ChatGPT machine learning defined no hype

The truly massive impact of ChatGPT has resulted in a tidal wave of very confident confusion, commercially motivated hyperbole, and the evocation of every cautionary science fiction story from the past 80 years.

We have prominent journalists trying to have two hour conversations about life with it and acting totally shocked that it says something silly. We have unsurprising claims about how it will help everyone get rich quick. And we have people claiming it will ruin the economy or destroy the world.

What is it really?

ChatGPT is a large language model (LLM). You might read the definition and still not understand, so here is what it does in very basic terms.

  1. Someone ‘trains’ the model by inputing any large body of text. (Every Wikipedia article)
  2. You ask the model to generate some kind of response. (What is Jello?)
  3. The model processes your query and generates a prediction for each next word in its response. (Jello…is…a…dessert)
  4. This prediction is based on the patterns and relationships between words that the model has learned from the training data. (Dessert is always present when talking about Jello.)

In many ways LLMs are a kind of smart auto-complete. They are trained to know how we use language and to know by inference which words and topics relate to one another.

Potential Confusion

So imagine you train one language model on only Wikipedia articles and one model on tabloid articles. Neither model understands the concept of truth. Neither model is able to provide insight into the quality or honesty of the writing in either source. All they are doing is forming sentences and paragraphs that mimic the structure of their source material.

But now let’s consider the result and the impact of it’s use. Imagine for the moment that we don’t know which model we are using. If we asked a question of the model trained on Wikipedia we might come to believe that language models are very smart. In contrast, question asked of the tabloid model might lead us to dismiss the technology as useless or even dangerous.

In other words, the model is only a reflection of what it has been fed. So feed it a lot of the internet, including plenty of human nonsense, and its going to give you nonsense at times. It is no more or less than a reflection of what it has learned.

Going A Bit Deeper

My definition above was overly simple, of course. LLMs are trained using neural networks that in some very basic ways mimic how we reason. And software like ChatGPT includes added instructions that prevent certain kinds of output and also dictate its tone.

This layer of instruction and rough ability to make inferences has lead a lot of very smart people to anthropomorphize the heck out of ChatGPT. There have been endless think pieces written about what it has said and they invariably attribute to the software some measure of agency or consciousness that it simply does not have.

This is certainly natural. Humans have a very strong tendency to anthropomorphize, or see human qualities in non-human things. When a robot talks to us in a manner that very closely mimics reasoning we seem hard wired to identify with it. So perhaps the confusion is understandable.

But that misunderstanding, in many cases, reflects a lack of understanding or accepting the nature of the technology.

What Is It Good For?

So much of the hype, confusion, and frustration about ChatGPT and similar products centers around a misunderstanding of what it does well. Many recent articles have presented silly things it has said in the middle of an extended conversation on personal matters. ChatGPT is certainly not a therapist.

If you want to know what it’s good at you need to talk to people who have been using it. One of its most widely utilized capacities is coding. It is a fantastic code reference and can help make coding more efficient in a number of ways, from defining the function of existing code to offering better performing options.

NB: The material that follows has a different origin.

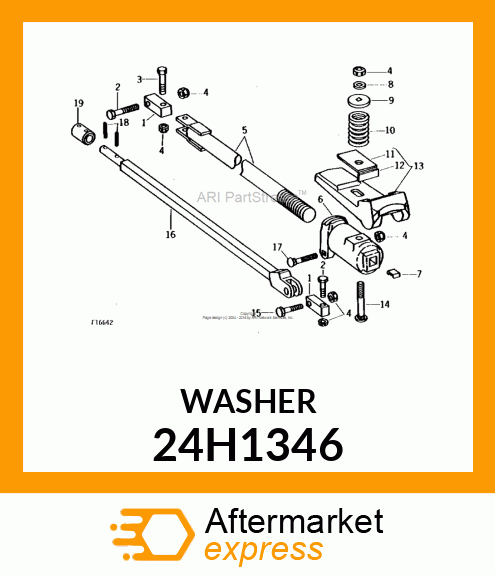 WASHER, METALLIC, ROUND HOLE 24H1346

ChatGPT is also really good at summarizing things. You can ask it to define quantum physics for a 10 year old or offer a chapter list for a book on a certain topic. But it’s limitations become clear when you ask in about topics that involve some kind of value judgement.

As the service clearly states, the output may reflect the biases of the information on which it was trained. It is not good at providing sound political or historical analysis. It can’t be used to ask for psychological advice or to judge the morality of world events.

Just The Beginning

New uses for language models are surfacing every day. Their release has lead to a boom in creative ideas from whimsical things like the ability to chat with current and past Presidents to very practical applications like a service that automates many of the roles needed to run a small business. But this is just the beginning.

An essential point is that ChatGPT is built on GPT3.5 which has about 150 million parameters, or pieces of data that have been used to train it. GPT4 is going to have more like 1 trillion parameters, meaning that it will be vastly more knowledgeable and accurate in it’s responses.

This means that a lot of the hand wringing and the hype is just very premature. We don’t yet have a clear picture of where this technology will lead us. Some of the concerns are very real. Jobs are being lost. But then jobs are also being created as well.

And so at this point its probably best to hold off on any grand judgements about this technology until it has had a chance to mature and we have a better sense of what it can be used for and what risks, if any, it represents.